I'm looking at a justification for why we work inside a big model, but I'm having trouble proving a particular comment.
Assume we're working with a complete theory $T$ and we have a commutative diagram of models of $T$ with the maps being elementary embeddings. I'm trying to show that I can find a copy of this diagram inside a larger model $\mathcal{M}$ of $T$, where the embedding maps become inclusions and the models in the diagram are elementary submodels of $\mathcal{M}$.
I know we can take any two models of $T$ and embed them into some other model of $T$, but I can't figure out how to embed the models in a commutative diagram so that the embedding maps become inclusions. Any help is appreciated.
This is just another instance of the "Valby motto" of compactness: Write down what you want, and get what you want!
Let $\{M_i\mid i\in I\}$ be the models appearing in the diagram. For all $i\in I$, let $\mathrm{Diag}(M_i)$ be the elementary diagram of $M_i$ in the language $L_i$ expanded by constant symbols $\{a_i\mid a\in M_i\}$. Let $L'$ be the language $\bigcup_{i\in I} L_i$, and let $T'$ be the $L'$-theory $$\bigcup_{i\in I} \mathrm{Diag}(M_i)\cup \{a_i = b_j\mid f(a_i) = b_j\text{ for some map }f\colon M_i\to M_j\text{ in the diagram}\}.$$ I'll leave it to you to show that $T'$ is consistent by compactness, using the fact that the diagram commutes and all the maps are elementary embeddings.
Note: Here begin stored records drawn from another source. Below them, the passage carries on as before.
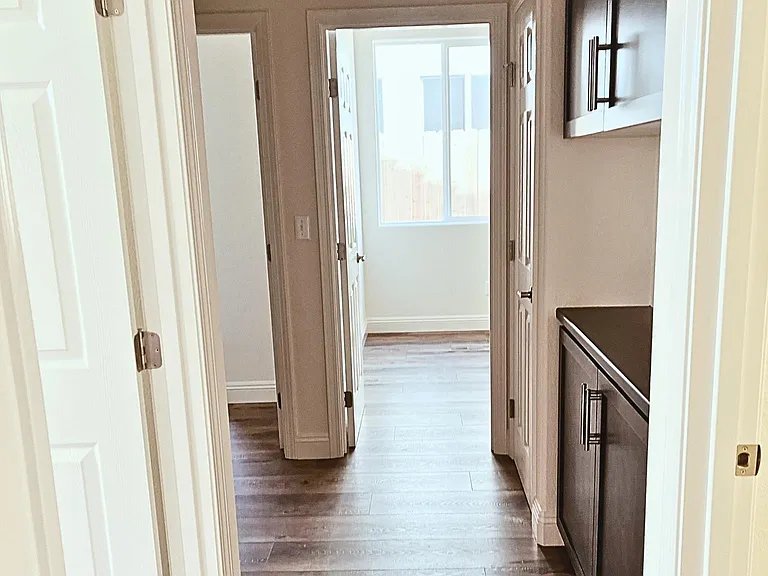 Hall: Main bath, linen closets, inside laundry room, main bath and secondary bedrooms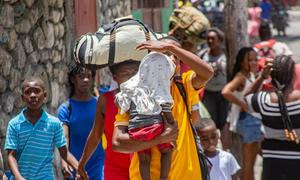 Desplazadas por la escalada de violencia, las familias de Haití cargan con sus pertenencias mientras huyen de sus hogares en busca de seguridad.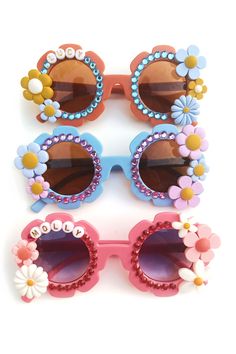 Handmade, one-of-a-kind personalized flower sunglasses for your kiddos. This item is made-to-order, so every single pair is truly unique. This style is available on flower or round shaped kid glasses. Please provide the name or word(s) for the glasses in the personalization field provided. The primary color choice is for the color of the sunglasses. Please specify in the personalization section if you have a specific rhinestone color request.  **SPECIAL REQUESTS* Please provide a note in the personalization field if you have any special requests, and we will do our best to accommodate them!  **LOCAL PICK UP / SHIPPING PROMOS** We do offer local pick-up for anyone willing to pick up from Mandeville, LA. Use promo code "LOCALPICKUP" at checkout to waive the shipping fee.  Shipping is free fo Fun Pink Handmade Sunglasses, Fun Handmade Pink Sunglasses, Handmade Fun Pink Sunglasses, Fun Handmade Sunglasses As A Gift, Fun Handmade Plastic Sunglasses, Handmade Plastic Fun Sunglasses, Handmade Fun Plastic Sunglasses, Trendy Handmade Pink Sunglasses, Playful Handmade Plastic Sunglasses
Now let $\mathcal{M}$ be a model of $T'$. Identifying each $M_i$ with the set of interpretations of its constants in $\mathcal{M}$, each $M_i$ is an elementary submodel of $\mathcal{M}$ (since $\mathcal{M}\models \mathrm{Diag}(M_i)$) and the maps in the diagram are inclusions (since $a_i = b_j$ when $f(a_i) = b_j$ for some map in the diagram).
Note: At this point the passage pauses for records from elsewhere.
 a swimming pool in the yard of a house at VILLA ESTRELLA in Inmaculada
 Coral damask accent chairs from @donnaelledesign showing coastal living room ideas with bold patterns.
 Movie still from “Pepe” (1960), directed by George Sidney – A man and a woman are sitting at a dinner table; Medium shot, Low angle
This is a generalization of the fact that the models of a complete theory have the amalgamation property. If you have trouble verifying the compactness argument above, see Theorem 5.3.1 (Elementary amalgamation theorem) in Hodges' A Shorter Model Theory for a detailed proof of the easier fact, which may help you work out the details of the more general fact.